++++ INPUT DATA
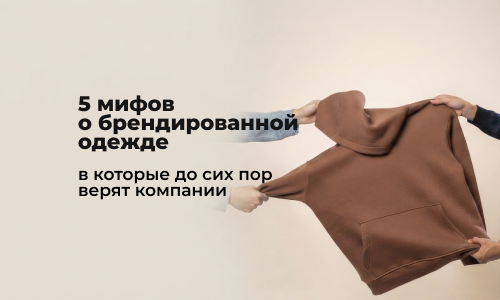 перевод рублей в доллары rub usd курс конвертация рублей в доллары пересчет rub usd онлайн сколько долларов за рубли курс рубля к доллару сегодня курс usd rub выгодный обмен рублей на доллары обмен рублей в Казахстане обмен рублей на доллары в банке курс 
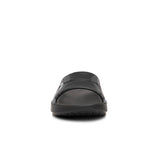 OOFOS OOahh Sport Black Wave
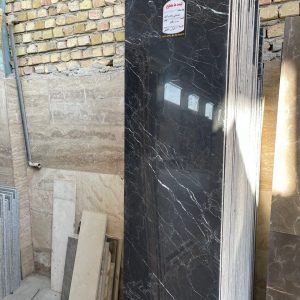 مرمریت نجف آباد شمش کد MN+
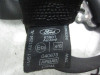  CINTURON SEGURIDAD DELANTERO DERECHO SUZUKI WAGON R + (RB/MM) 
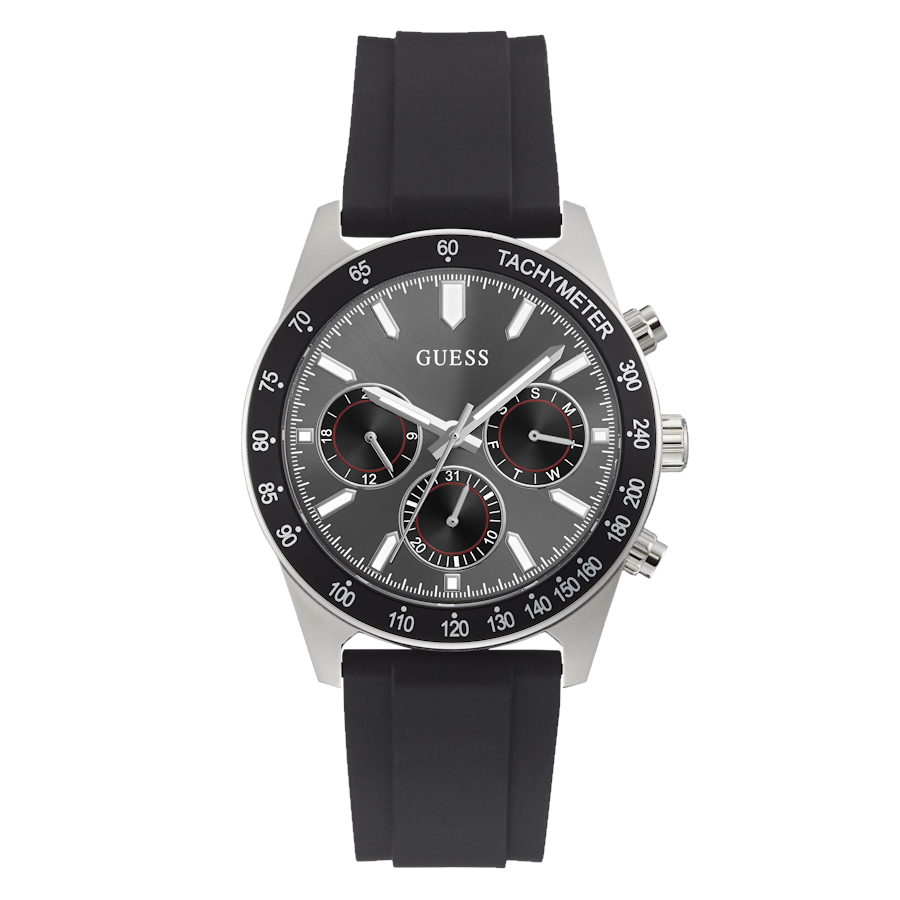 GUESS GW0332G1
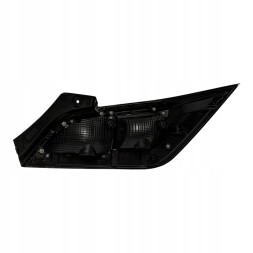 Depo DEA2211345RLD-UE Задній ліхтар Depo правий для Hyundai Kona 2020-2023 без LED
++++++++
BRIEF:
Find the line containing "CINTURON SEGURIDAD DELANTERO" in the records above and restate it, and each line after it through the end, word for word, dropping the pictures.

PROBLEM SOLUTION:
  CINTURON SEGURIDAD DELANTERO DERECHO SUZUKI WAGON R + (RB/MM) 
 GUESS GW0332G1
 Depo DEA2211345RLD-UE Задній ліхтар Depo правий для Hyundai Kona 2020-2023 без LED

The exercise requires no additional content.